MATERIAL FOR THE TASK:
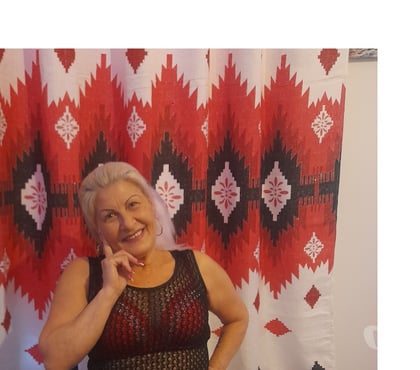  Escorts Leeds City Centre Leeds - Photos for Maria ♥️ Best service offer 🤗 🥳☎️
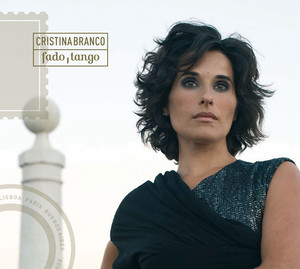 Fado/Tango album
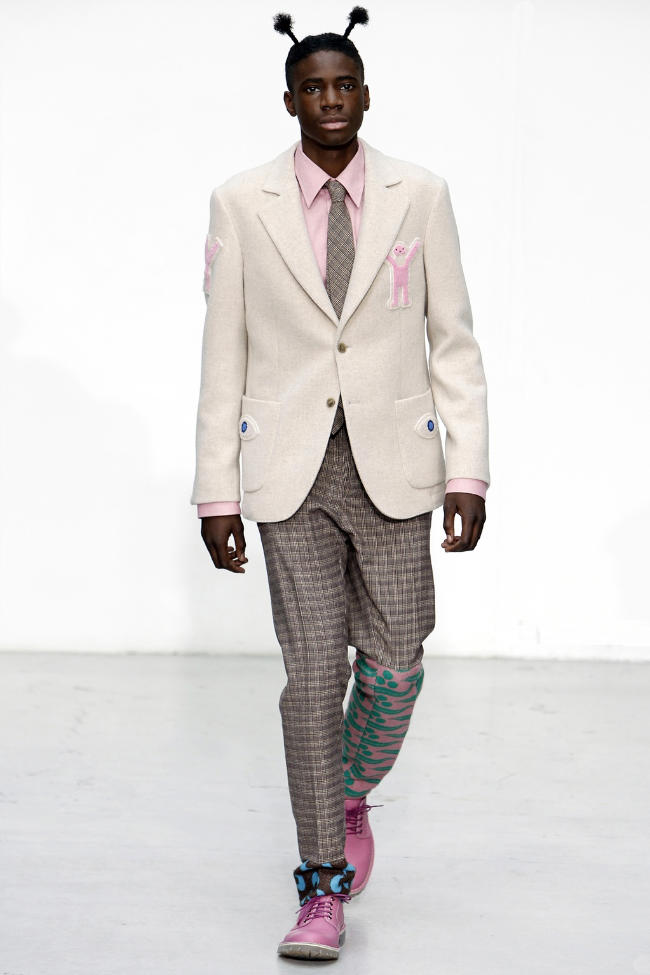 waltervanbeirendonckfallcollection21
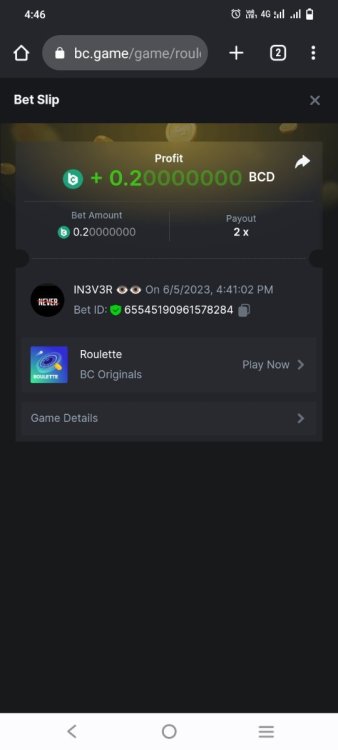 Screenshot_20230605_164601.jpg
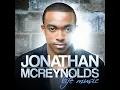 No Gray - Jonathan McReynolds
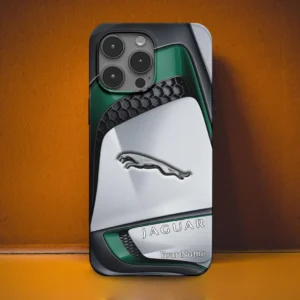 Classic Auto Phone Case, All Over Print Phone Case For Classic Auto DCAR465212054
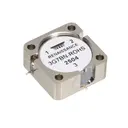 AEM Renaissance Electronics 3G7BN-ROHS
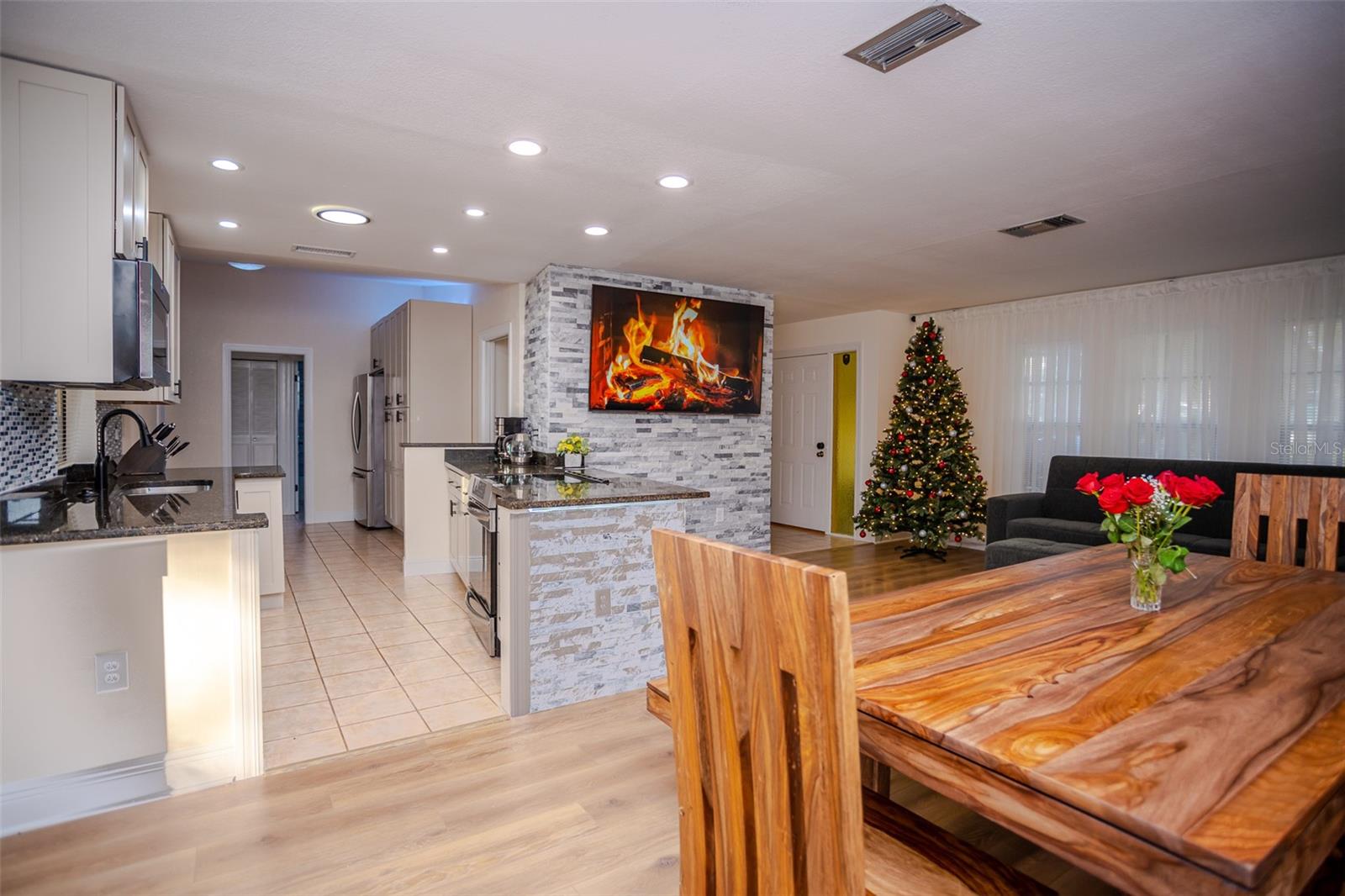 2719 FOREST KNOLL DR, SARASOTA, FL, 34232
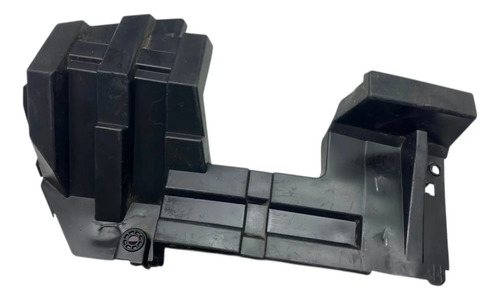 Defletor Radiador Direito Honda Hrv Hr-v 2023 713253nt0 Oem - Imagem 4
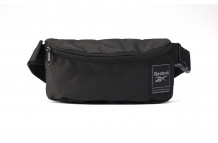 bolsos reebok mujer 2014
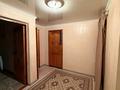 4-бөлмелі пәтер · 70 м² · 2/2 қабат, мкр Турлан, мкр Турлан 1ул.шмидта 1 — рядом мечеть, бағасы: 18 млн ₸ в Шымкенте, Абайский р-н — фото 11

EXERCISE DESCRIPTION: Everything from the line above that contains "Fado/Tango album" down to the line that contains "AEM Renaissance Electronics 3G7BN-ROHS" must be reproduced exactly, both ends included. Omit the pictures.

OUTPUT FOR THIS TASK:
 Fado/Tango album
 waltervanbeirendonckfallcollection21
 Screenshot_20230605_164601.jpg
 No Gray - Jonathan McReynolds
 Classic Auto Phone Case, All Over Print Phone Case For Classic Auto DCAR465212054
 AEM Renaissance Electronics 3G7BN-ROHS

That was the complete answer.